もとより、こうした教えは現在も、脈々と受け継がれており、ここ数年を振り返ると、学習面では、平成
二十四年度から、県教育委員会の主要施策である学力向上対策事業において、トップリーダーハイス
クールに指定され、また、これからの新しい教育をめざす、広島版「学びの変革」アクションプラン元年
に当たる、今年度は、探究コアスクールに指定されるなど、県内の高等学校を牽引する役割を任され
ています。
部活動に目を転じると、全日制課程では、ボート部、ジャグリング同好会の全国大会出場をはじめ、
バスケットボール部、ソフトボール部、テニス部、水泳部の中国大会出場、吹奏楽部のコンクールでの
金賞受賞、美術部のコンテスト上位入選、定時制課程では、陸上競技部、バドミントン部、柔道部の全
国大会出場、園芸部の廿日市市「緑のカーテン」コンテストでの最優秀賞受賞など、多くの素晴らしい
結果を出しています。
このように、まさしく、本校が掲げている「質の高い文武両道」を実現すべく、教育活動を展開してい
るところです。
生徒諸君、廿高は、これまでもそうであったように、未来永劫、広島県西部の拠点となる高等学校と
して、あり続けなければならない学校であり、諸君の今日(きょう)の学び、頑張りが、十年先、五十年
先、百年先の礎(いしずえ)となります。
私は折に触れ、校是である「礼節」「勤勉」「協同」を引用し、自らの在り方生き方に責任を持ち、努力
を惜しまず自己実現をめざし、他者とともに新たな価値を創造できる人物たれ、と伝えています。

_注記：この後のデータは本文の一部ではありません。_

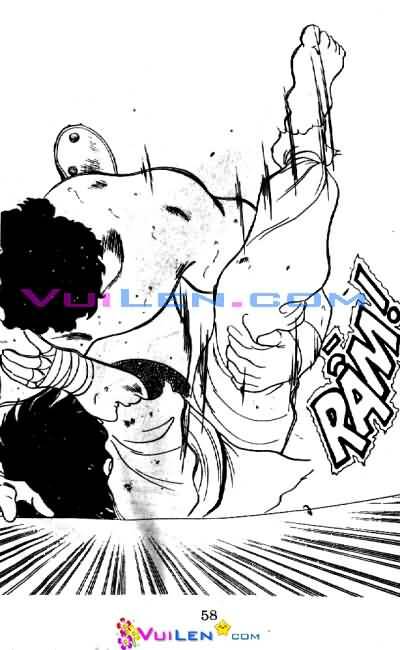 Truyền Nhân Atula – Shura No Mon I Chapter 8 - Trang 2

そのことを、この、輝かしい歴史と伝統のある、廿高に入学してきた、諸君に課せられたミッションで
あると受け止め、現状に甘んじることなく、更に理想を高く掲げて、勉学に、部活動に励み、次なる百年
に向けて、新たなステージの土台を築き、後輩にバトンを引き継いでくれることと期待しています。
最後になりますが、今後とも、教職員一同、これからの変化の激しい社会を生き抜くことのできる資
質・能力を備えた、真(まこと)のトップリーダーとなる人材を育成すべく、教育に尽力して参ります。
御来賓の皆様をはじめ、関係者の皆様には、これまで本校に賜りましたご厚情に、心よりお礼申し
上げますとともに、今後も変わらぬご支援をいただきますことを、お願い申し上げ、式辞といたします。